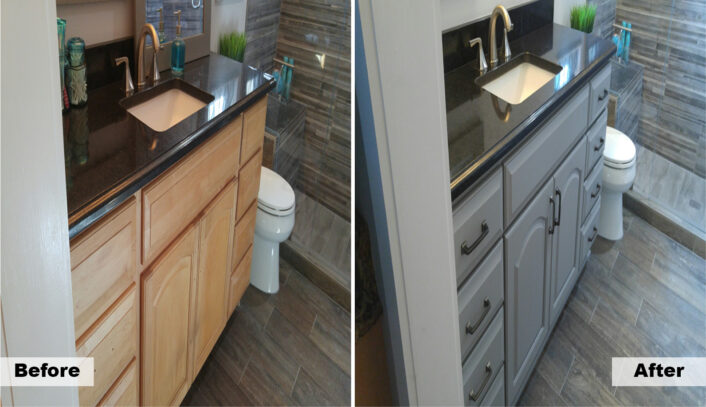 Traditional Bathroom remodel Done With Cabinet Refacing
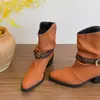 Botines retro de punta, plisados, para mujer, nueva colección otoño/invierno, con hebilla de cinturón, estilo vaquero occidental, tacón grueso, botas de montar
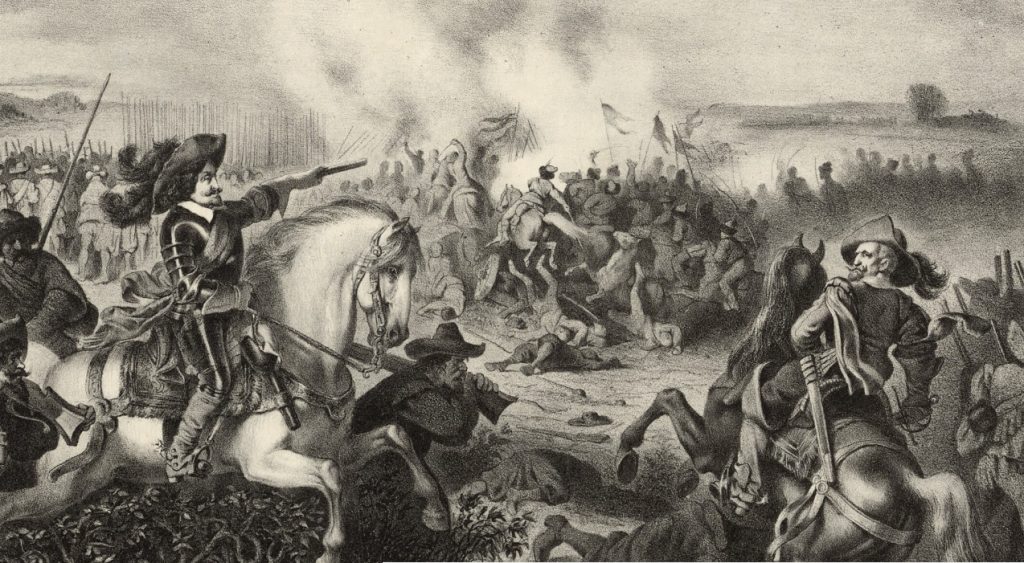 Bitka kod Zablata 1619. U prvom planu protestantski general Mansfeld, koji je poražen u ovoj bitki te Hrvati u jurišu u drugom planu. Prva poznata pukovnija ove vrste, Arneri, borila se u bitki kod Zablata.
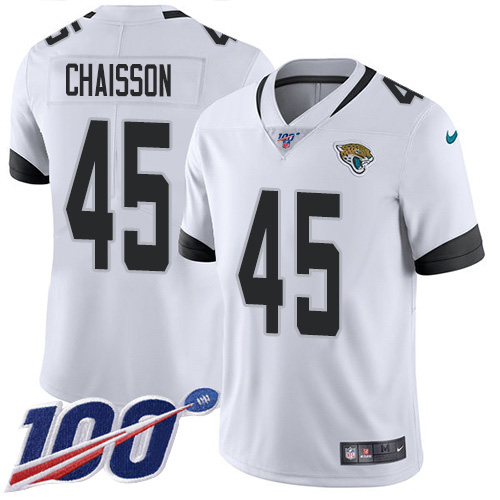 Jacksonville Jaguars #45 KLavon Chaisson White Youth Stitched NFL 100th Season Vapor Untouchable Limited Jersey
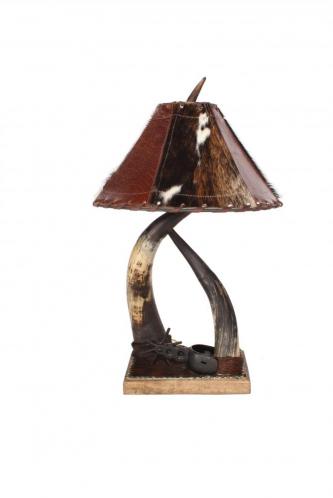 Horn Collection Table Lamp Double w/ Spur - LOREC Ranch Home Furnishings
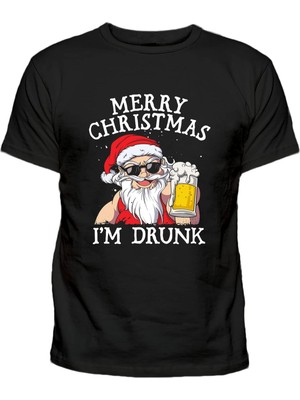 Marry Christmas Baskılı Bira Yeni Yıl Yetişkin Pamuklu Tişört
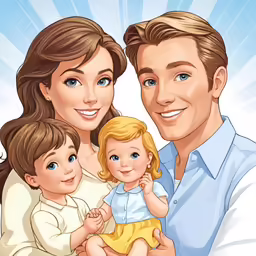 an adult couple and child are holding each other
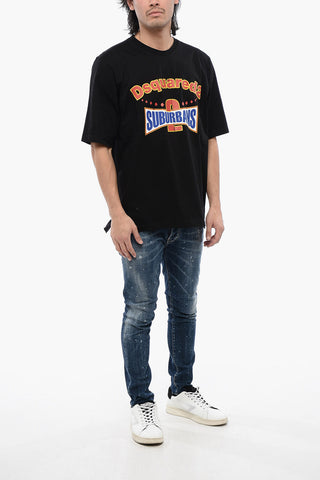 Crew Neck D2 SUBURBAN Skater Fit Cotton T-Shirt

________________________

WHAT TO WORK ON:
"Horn Collection Table" marks the first line to be returned; return exactly that line and every line after it through the last line of the listing, omitting pictures.

SOLUTION BELOW:
 Horn Collection Table Lamp Double w/ Spur - LOREC Ranch Home Furnishings
 Marry Christmas Baskılı Bira Yeni Yıl Yetişkin Pamuklu Tişört
 an adult couple and child are holding each other
 Crew Neck D2 SUBURBAN Skater Fit Cotton T-Shirt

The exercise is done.